1.9 Exercises

EXERCISE 1.1   Is the upper extreme always an outlier?

EXERCISE 1.2   Is it possible for the mean or the median to lie outside of the fourths or even outside of the outside bars?

EXERCISE 1.3   Assume that the data are normally distributed $N(0,1)$. What percentage of the data do you expect to lie outside the outside bars?

EXERCISE 1.4   What percentage of the data do you expect to lie outside the outside bars if we assume that the data are normally distributed $N(0,\sigma^2)$ with unknown variance $\sigma^2$?

EXERCISE 1.5   How would the five-number summary of the 15 largest U.S. cities differ from that of the 50 largest U.S. cities? How would the five-number summary of 15 observations of $N(0,1)$-distributed data differ from that of 50 observations from the same distribution?
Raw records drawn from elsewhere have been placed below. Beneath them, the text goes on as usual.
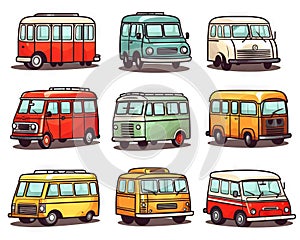 set of cartoon vintage retro cars isolated on white trucks buses.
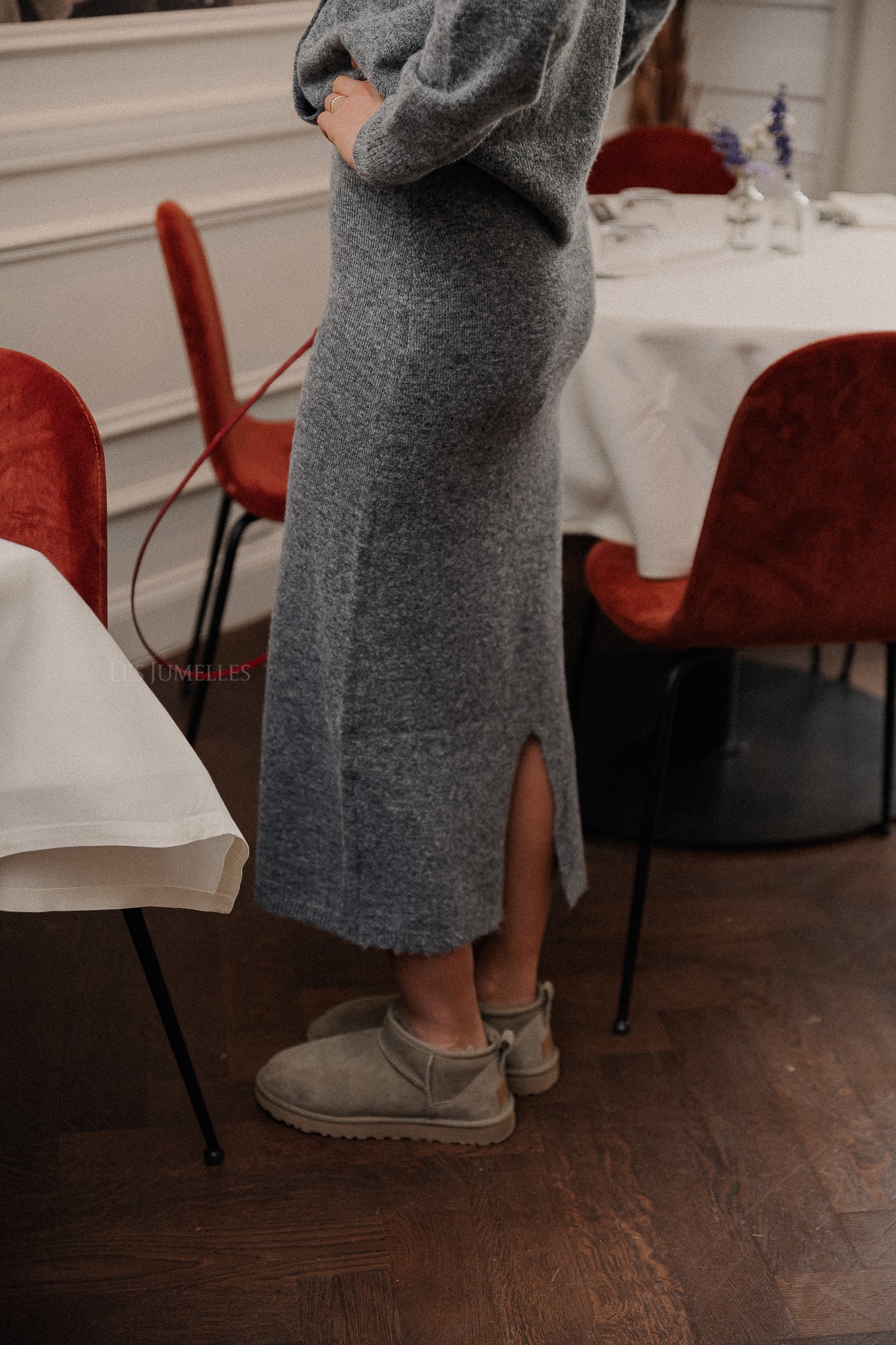 Jupe longue en tricot VIInes gris moyen chiné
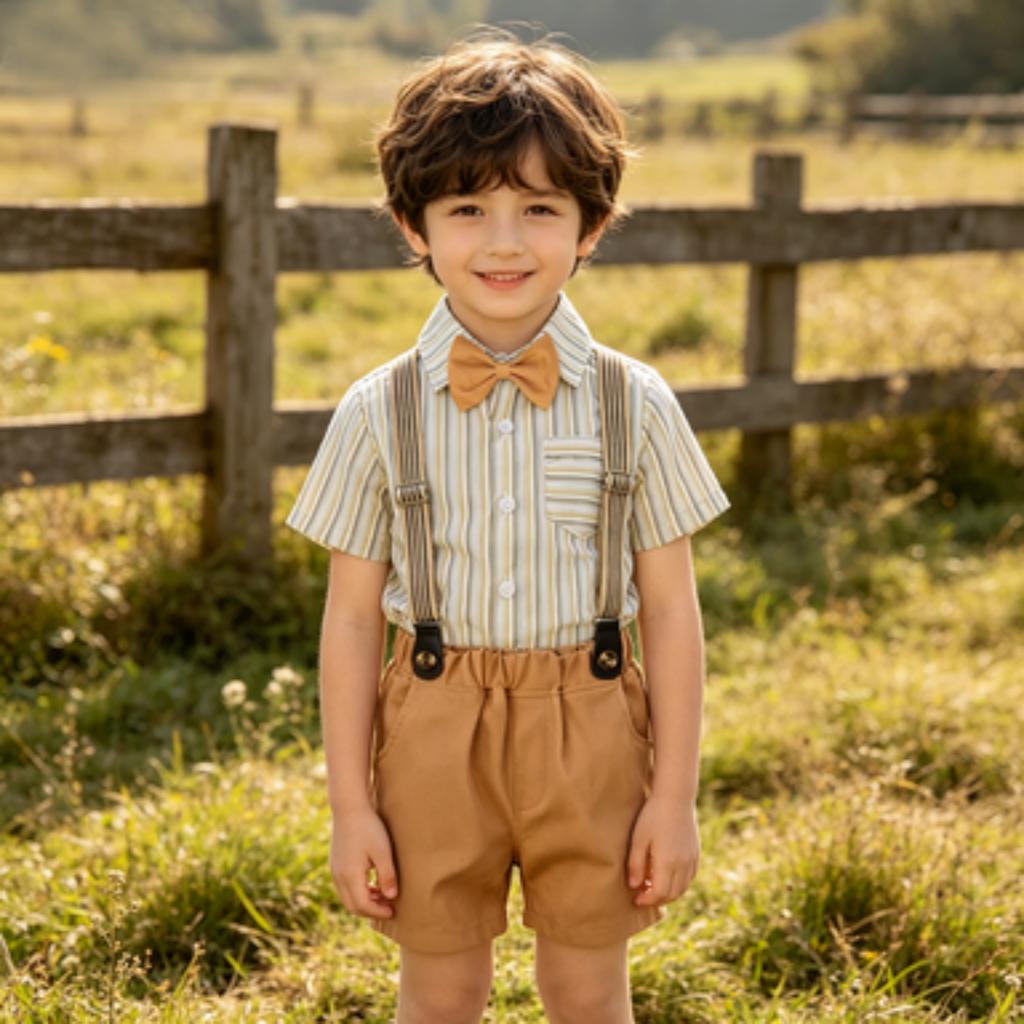 Baby Boys Short Sleeve Romper and Shorts Set for Summer Everyday Wear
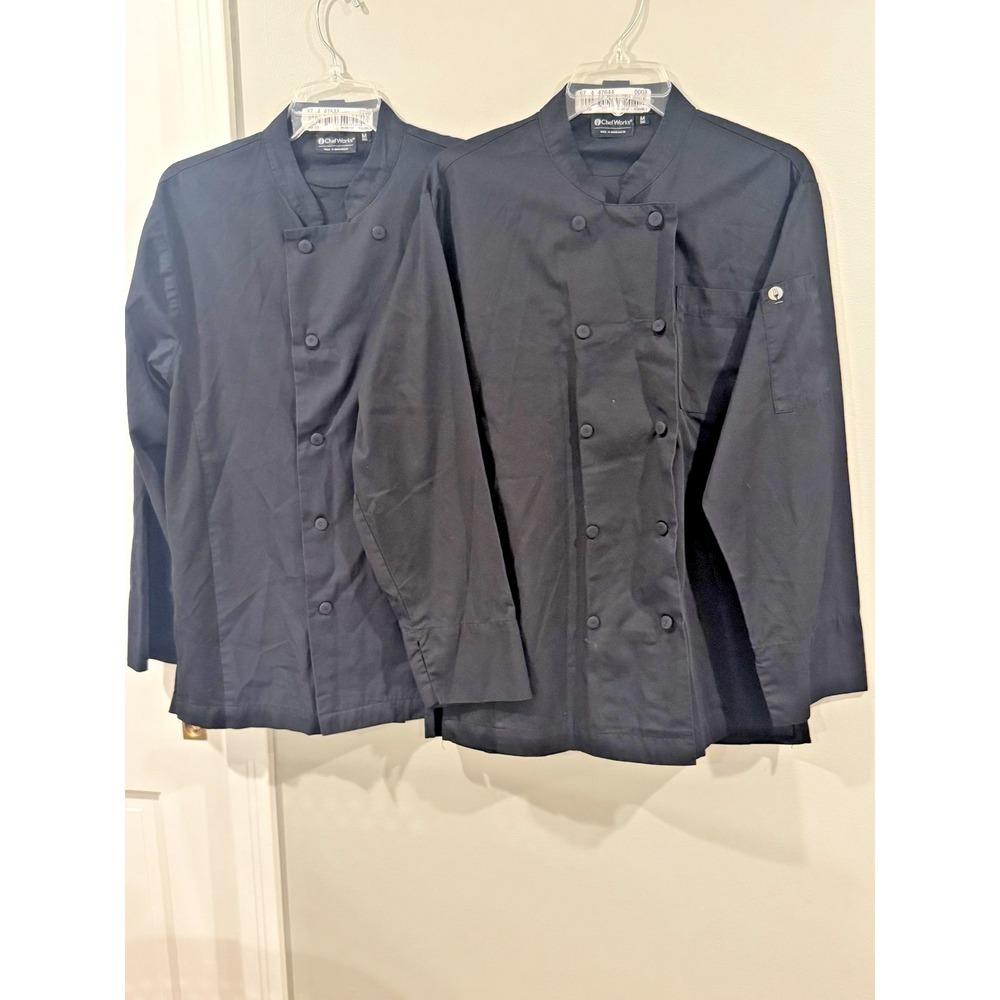 Lot of 2 Chef Works Jacket Mens Med Black Long Sleeve Double Breasted Coat Mesh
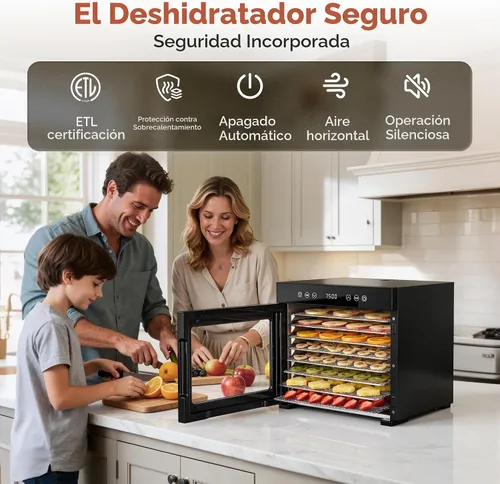 Vista 4 de Manastin Deshidratador de alimentos 8 bandejas de acero inoxidable máquina Negro-8 Bandejas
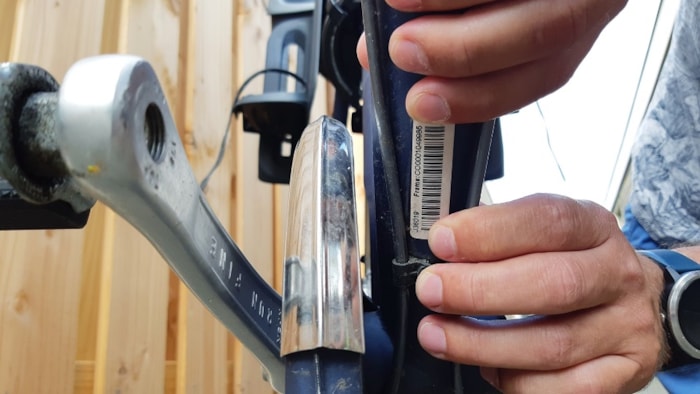 Fiets gegraveerd
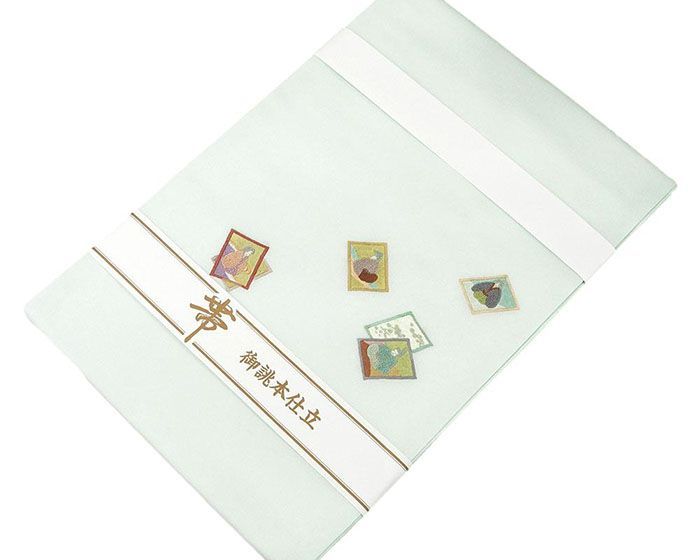 名古屋帯 新品仕立済 ポリエステル 百人一首模様 新品 仕立て上がり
EXERCISE 1.6   Is it possible that all five numbers of the five-number summary could be equal? If so, under what conditions?

EXERCISE 1.7   Suppose we have $50$ observations of $X\sim N(0,1)$ and another $50$ observations of $Y\sim N(2,1)$. What would the $100$ Flury faces look like if you had defined as face elements the face line and the darkness of hair? Do you expect any similar faces? How many faces do you think should look like observations of $Y$ even though they are $X$ observations?

EXERCISE 1.8   Draw a histogram for the mileage variable of the car data (Table B.3). Do the same for the three groups (U.S., Japan, Europe). Do you obtain a similar conclusion as in the parallel boxplot on Figure 1.3 for these data?

EXERCISE 1.9   Use some bandwidth selection criterion to calculate the optimally chosen bandwidth $h$ for the diagonal variable of the bank notes. Would it be better to have one bandwidth for the two groups?

EXERCISE 1.10   In Figure 1.9 the densities overlap in the region of diagonal $\approx 140.4$. We partially observed this in the boxplot of Figure 1.4. Our aim is to separate the two groups. Will we be able to do this effectively on the basis of this diagonal variable alone?

EXERCISE 1.11   Draw a parallel coordinates plot for the car data.

EXERCISE 1.12   How would you identify discrete variables (variables with only a limited number of possible outcomes) on a parallel coordinates plot?

EXERCISE 1.13   True or false: the height of the bars of a histogram are equal to the relative frequency with which observations fall into the respective bins.

EXERCISE 1.14   True or false: kernel density estimates must always take on a value between 0 and 1. (Hint: Which quantity connected with the density function has to be equal to 1? Does this property imply that the density function has to always be less than 1?)

EXERCISE 1.15   Let the following data set represent the heights of 13 students taking the Applied Multivariate Statistical Analysis course:

\begin{displaymath}1.72,1.83,1.74,1.79,1.94,1.81,1.66,1.60,1.78,1.77,1.85,1.70,1.76.\end{displaymath}

  1. Find the corresponding five-number summary.
  2. Construct the boxplot.
  3. Draw a histogram for this data set.

Contributed by Peder Egemen Baykan.

EXERCISE 1.16   Describe the unemployment data (see Table B.19) that contain unemployment rates of all German Federal States using various descriptive techniques.

Contributed by Susanne Böhme.

EXERCISE 1.17   Using yearly population data (see B.20), generate
  1. a boxplot (choose one of variables)
  2. an Andrew's Curve (choose ten data points)
  3. a scatterplot
  4. a histogram (choose one of the variables)
What do these graphs tell you about the data and their structure?

Contributed by Susanne Böhme.

EXERCISE 1.18   Make a draftman plot for the car data with the variables

\begin{eqnarray*}
X_{1} & = & price, \\
X_{2} & = & mileage, \\
X_{8} & = & weight, \\
X_{9} & = & length.
\end{eqnarray*}



Move the brush into the region of heavy cars. What can you say about price, mileage and length? Move the brush onto high fuel economy. Mark the Japanese, European and U.S. American cars. You should find the same condition as in boxplot Figure 1.3.

EXERCISE 1.19   What is the form of a scatterplot of two independent random variables $X_{1}$ and $X_{2}$ with standard Normal distribution?

EXERCISE 1.20   Rotate a three-dimensional standard normal point cloud in 3D space. Does it ``almost look the same from all sides''? Can you explain why or why not?